**Dataset**
******************************
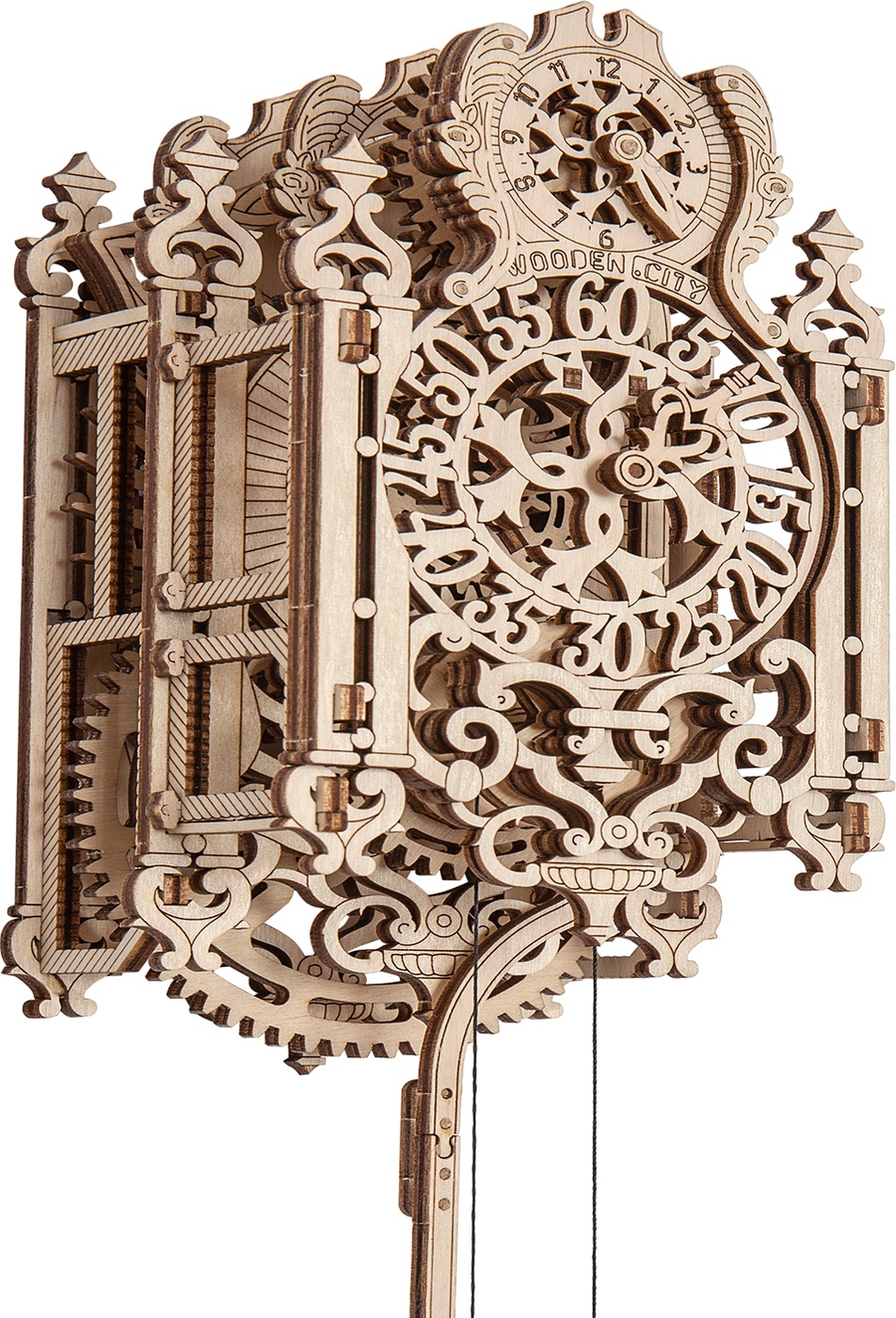 фото Механическая модель настенных часов Wooden City из дерева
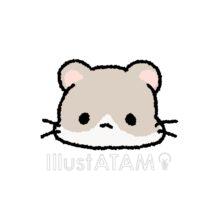 手書きの簡単なハムスター（灰色）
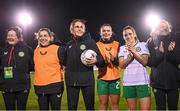 27 October 2023; Republic of Ireland players and staff, from left, equipment officer Helen Noonan, performance coach Ivi Casagrande, masseuse Hannah Tobin Jones, Saoirse Noonan, Chloe Mustaki and Amber Barrett after the UEFA Women's Nations League B match between Republic of Ireland and Albania at Tallaght Stadium in Dublin. Photo by Stephen McCarthy/Sportsfile
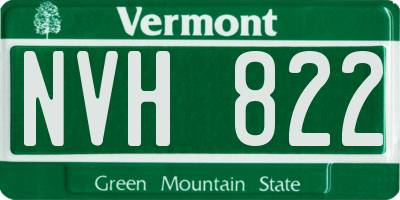 VT license plate NVH822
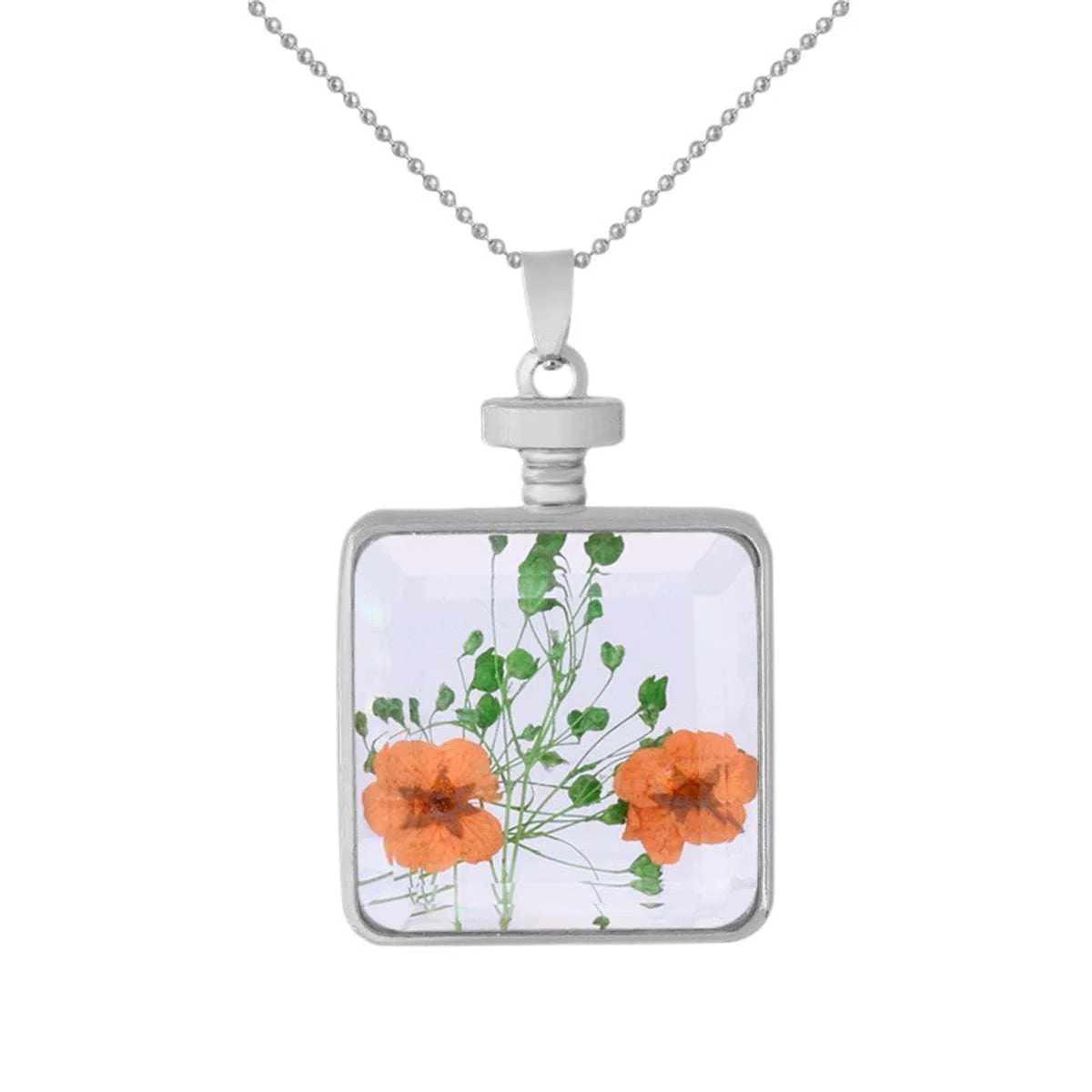 Stylish Peach Silvertone Pressed Flower Square Pendant Necklace User-Friendly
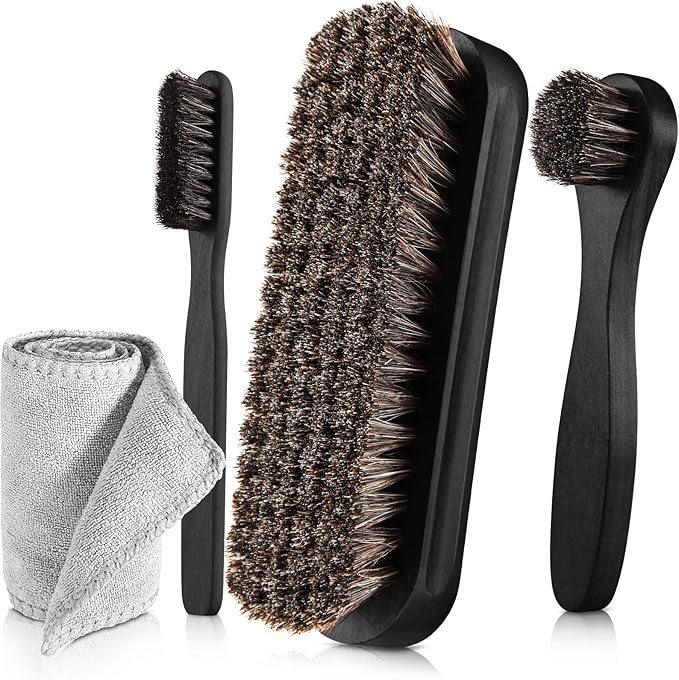 4 Pcs Horsehair Shine Shoes Brush Kit Polish Dauber Applicators Cleaning by ZJoey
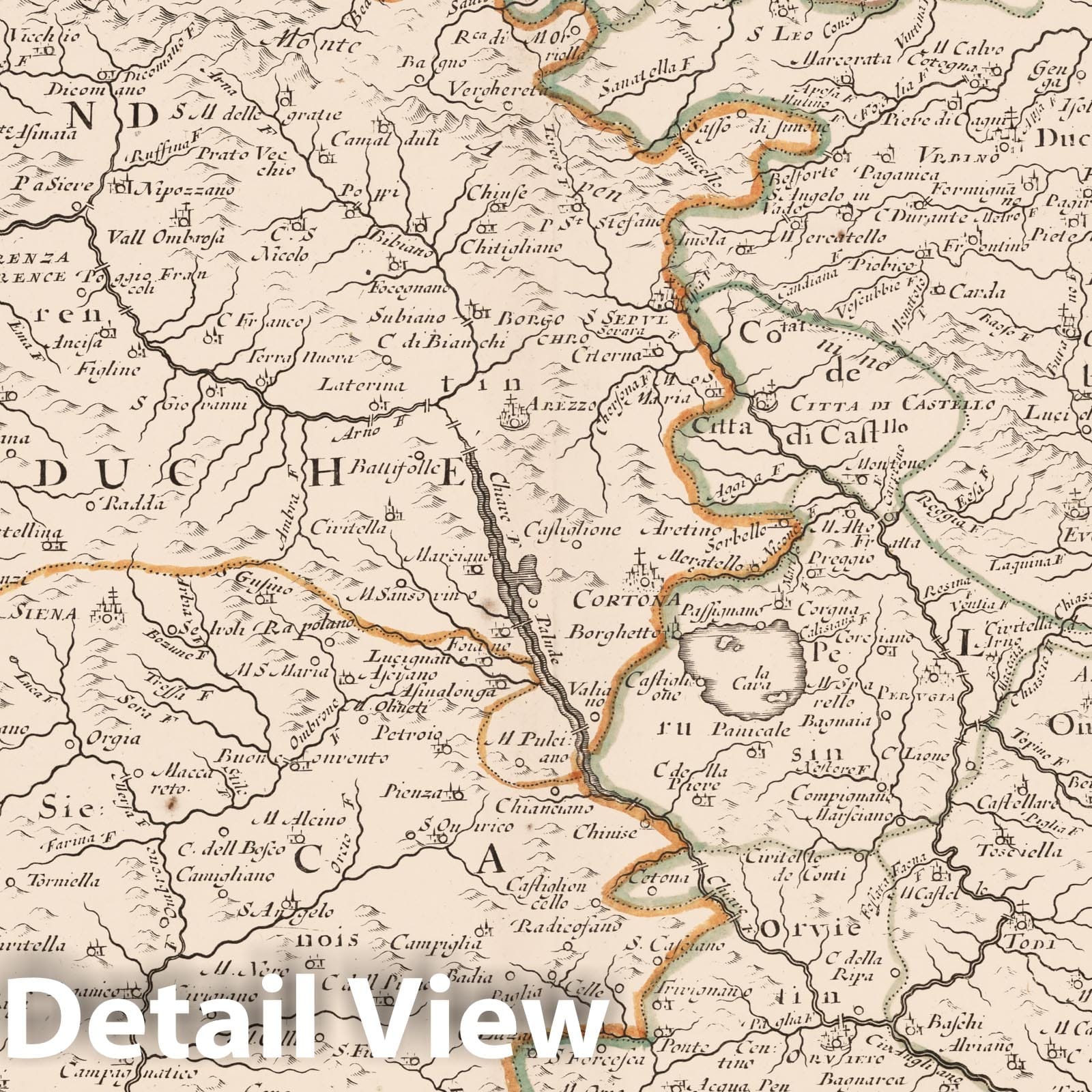 Historic Map - 1703 States of the Church and Tuscany, Italy. - Vintage Wall Art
******************************
**Description of the task**
Word for word, output the lines from the beginning of the listing through the line holding "Stylish Peach Silvertone" and nothing beyond them. Omit the pictures.

**Exercise result**
 фото Механическая модель настенных часов Wooden City из дерева
 手書きの簡単なハムスター（灰色）
 27 October 2023; Republic of Ireland players and staff, from left, equipment officer Helen Noonan, performance coach Ivi Casagrande, masseuse Hannah Tobin Jones, Saoirse Noonan, Chloe Mustaki and Amber Barrett after the UEFA Women's Nations League B match between Republic of Ireland and Albania at Tallaght Stadium in Dublin. Photo by Stephen McCarthy/Sportsfile
 VT license plate NVH822
 Stylish Peach Silvertone Pressed Flower Square Pendant Necklace User-Friendly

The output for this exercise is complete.